Civil engineering team takes best poster award at TRB annual meeting

April 08, 2022

Man standing in front of research poster.

Mizzou Research Scientist Punyaslok (Punya) Rath and team won the Best Poster Award on Design and Rehabilitation of Asphalt Pavements at the Transportation Research Board (TRB) Annual Meeting in Washington, DC.

Last summer Mizzou Engineers helped divert more than a million plastic bottles and about 1,000 scrap tires from landfills. It was a big story – and it continues to draw attention, recently receiving a top award at the world’s largest transportation research conference.

At the 101st Transportation Research Board (TRB) Annual Meeting in Washington, DC., in January, a civil engineering team won the Best Poster Award on Design and Rehabilitation of Asphalt Pavements.
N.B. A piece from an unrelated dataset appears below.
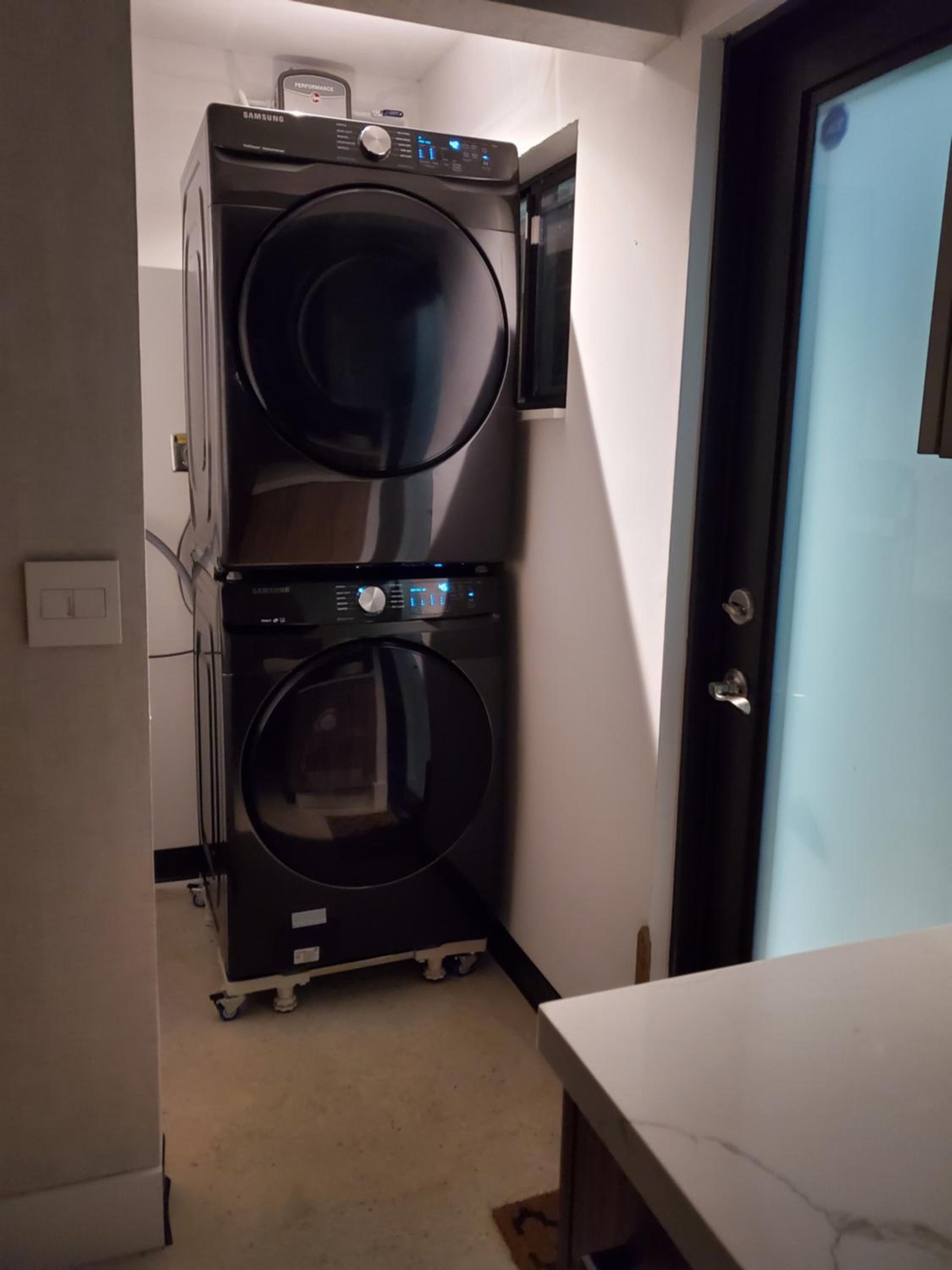 Design District by Midtown, Wynwood, Brickell, 10 min to the Beach, FREE PARKING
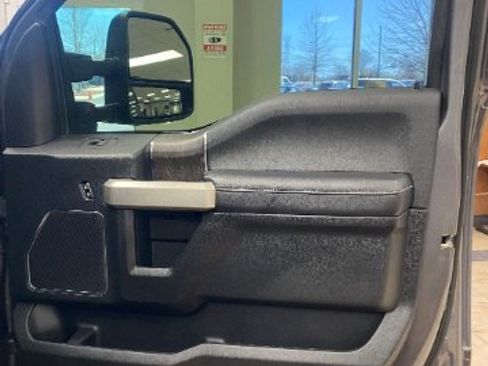 Used 2021 Ford F250 Lariat image 20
Authors included Mizzou Research Scientist Punyaslok (Punya) Rath, Bill Buttlar, the Glen Barton Chair in Flexible Pavement Technology, and Research Engineer James Meister.

The winning poster detailed the waste plastic and ground tire rubber pavement mixture that Buttlar’s team is testing on a stretch of Stadium Boulevard in Columbia. The authors were tasked by the Missouri Department of Transportation (MoDOT) to recommend appropriate mixture designs using those materials, which would otherwise end up in a landfill.

“TRB is one of the biggest stages to showcase your work in our field,” Rath said. “Winning an award at TRB is just the icing on the cake.”

The asphalt project, which has wide-spread support, deserves an award itself for pushing the boundaries of innovation and sustainability, he said.

“The project was a perfect example of how academia, industry and state agencies can come together in a collaborative effort to push the asphalt industry toward adopting sustainable and recycled materials, and at the same time, make our roads perform better and longer,” Rath said.

The award earned the authors an invitation to next year’s Design and Rehabilitation of Asphalt Pavements Committee Meeting at TRB, where they will be officially recognized.